A l'heure de la communication instantanée, les entreprises 'réactives' parviennent à coller aux attentes de la clientèle. Beaucoup sont nées de la montée en puissance inattendue des niches de consommation [Théorie de la longue traine]. Dans le domaine de l'édition par exemple, la production de titres à gros tirage ('best-sellers') décline en terme relatif, mais celle de titres destinés à des publics restreints progresse : Internet y est pour beaucoup, qui fait connaître des auteurs, rassemble les passionnés sur des forums. Les services connaissent des évolutions extrêmement rapides, en bonne partie expliquée par les 'nouvelles techniques de l'information et de la communication'. L'avenir dira dans quelle mesure les pays riches du nord, longtemps seuls en tête dans la course au développement seront ou non rattrapés par d'autres. Les programmeurs de la Silicon Valley (téléphonie, informatique, etc.) se recrutent en Inde ? Qui empêchera demain ce pays de monopoliser l'activité de programmation [document] ? Les services clientèles ont largement bénéficié d'Internet - outre le téléphone - pour proposer des notices d'utilisation, des compléments de garantie, des prolongements - rachats de service. Ces à-côtés semblent parfois prendre le pas sur l'activité principale. Mais Internet permet d'implanter des services dans des pays à faible coût de main d'oeuvre. De ce point de vue là, la tertiarisation ne protège pas de la mondialisation. Au contraire.

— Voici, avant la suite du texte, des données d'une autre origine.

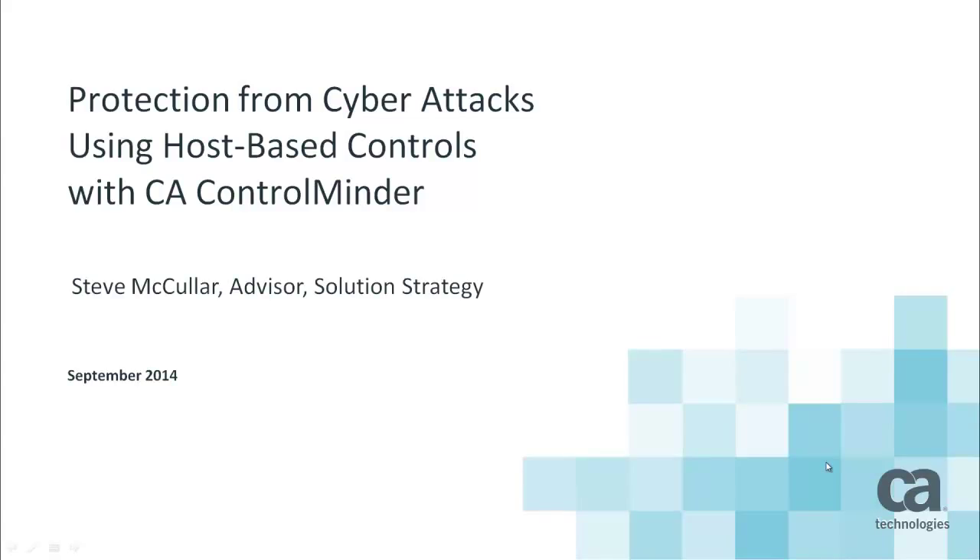Hello everyone, this is Steve McCuller with CA Technologies. I'm an advisor in CA Security Brand, and today I will be giving you a short presentation on using CA Control Minder to help protect yourselves from cyber attacks.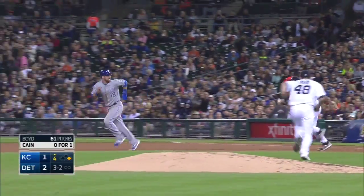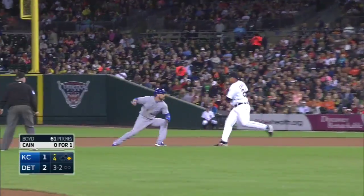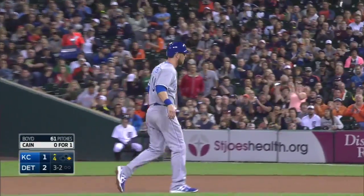And another look, and this time Zobrist is frozen. Cabrera runs him down. One out.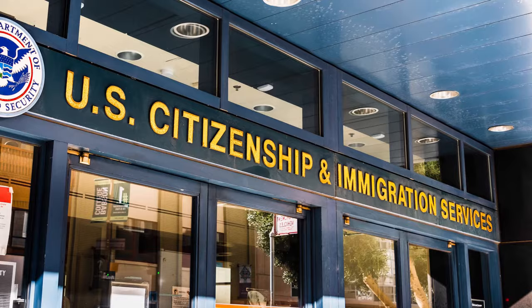If your USCIS application requires your biometrics information, USCIS will send you a biometrics appointment notice. Usually, you can expect to receive this biometrics notice from USCIS within 12 weeks after you've filed your immigration application. During this appointment, you don't have to pay a fee for the collection of your biometrics, as you would have already paid this fee at the time you filed your application to USCIS.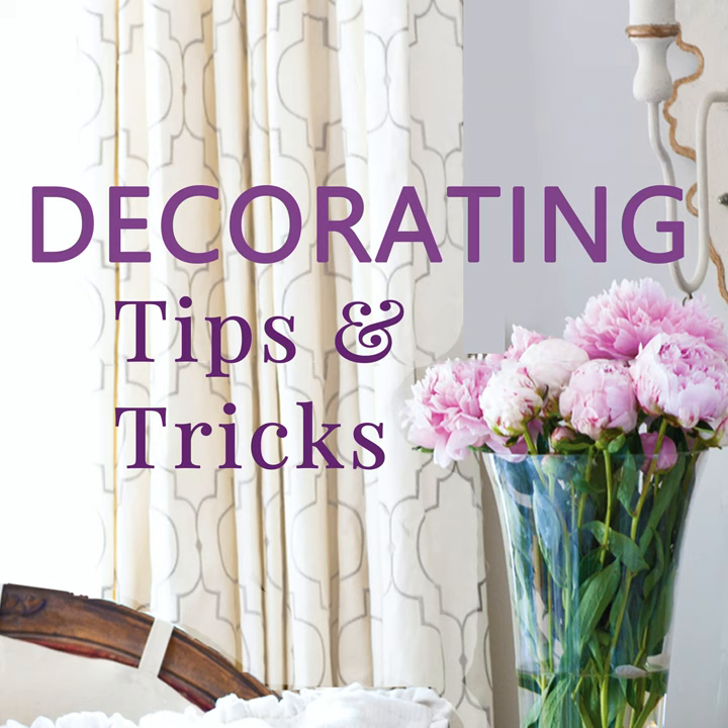Hey everyone, your designers are here. I'm Anita from Cedar Hill Farmhouse, I'm Yvonne at Stone Gable, and I'm Kelly with My Soulful Home. We've got tips, tricks, and decorating advice for you today, so let's get started.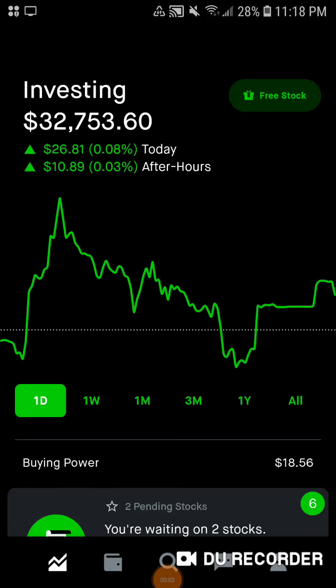Hey guys, it's the Dividend Guy coming at you with another Robinhood portfolio update. Happy Tuesday. Hopefully everybody had a GGD — a great great day in the market. I always wish the best for my viewers and subscribers.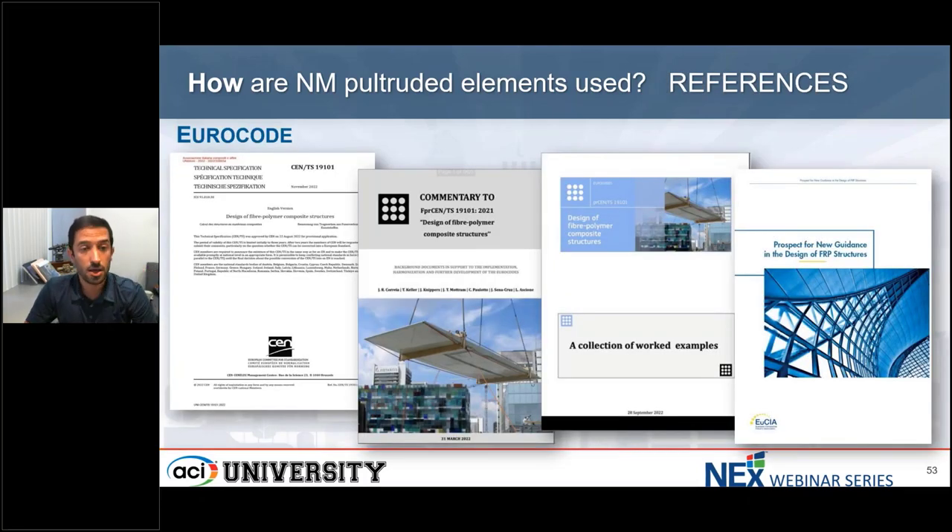I'm going to show you the work that has been done in Europe. We have a Eurocode and three design aids to support it. The second one, a commentary document, contains nearly 400 individual background reports. The third one, a collection of worked examples — this textbook will help engineers and designers apply the Eurocode. It was over a thousand pages, but unfortunately has not been published yet.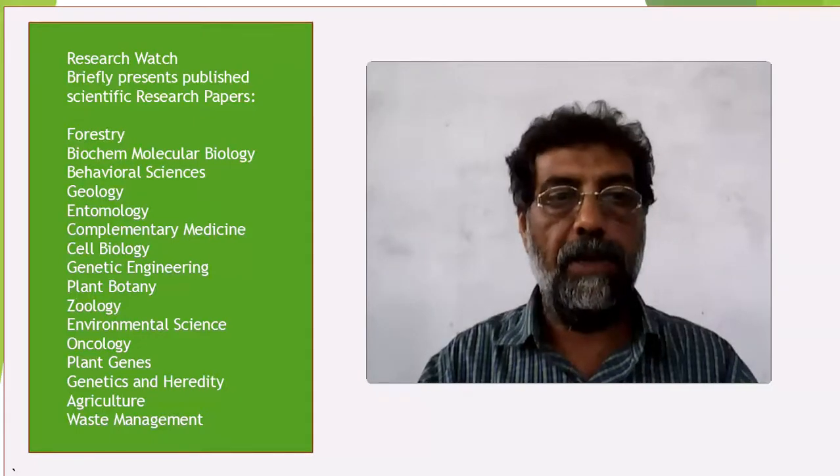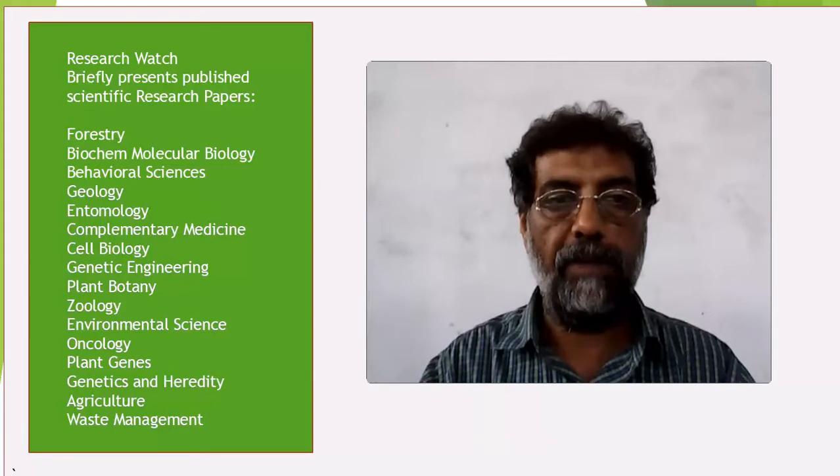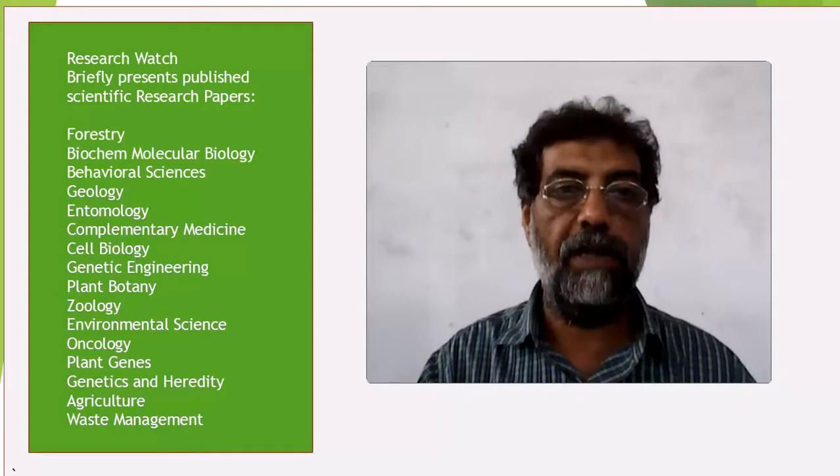Welcome to Research Watch. Here you can catch a key idea of a published research paper in less than 5 minutes. I hope it will help you to slate the paper for your further reading, knowledge or research purposes.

Ces quelques paragraphes n'épuisent bien sûr pas le sujet. J'appelle en conclusion [...] à envisager la géographie comme une discipline globale. Outre la connaissance stricte des parties du programme, les candidats doivent axer leur préparation sur des lectures régulières. Même dans la presse (électronique !) généraliste, ils trouveront matière à réflexion. Le but à atteindre n'est pas l'érudition, mais la compréhension du monde qui nous entoure.

[1] Extrait compte-rendu concours CTA-2011.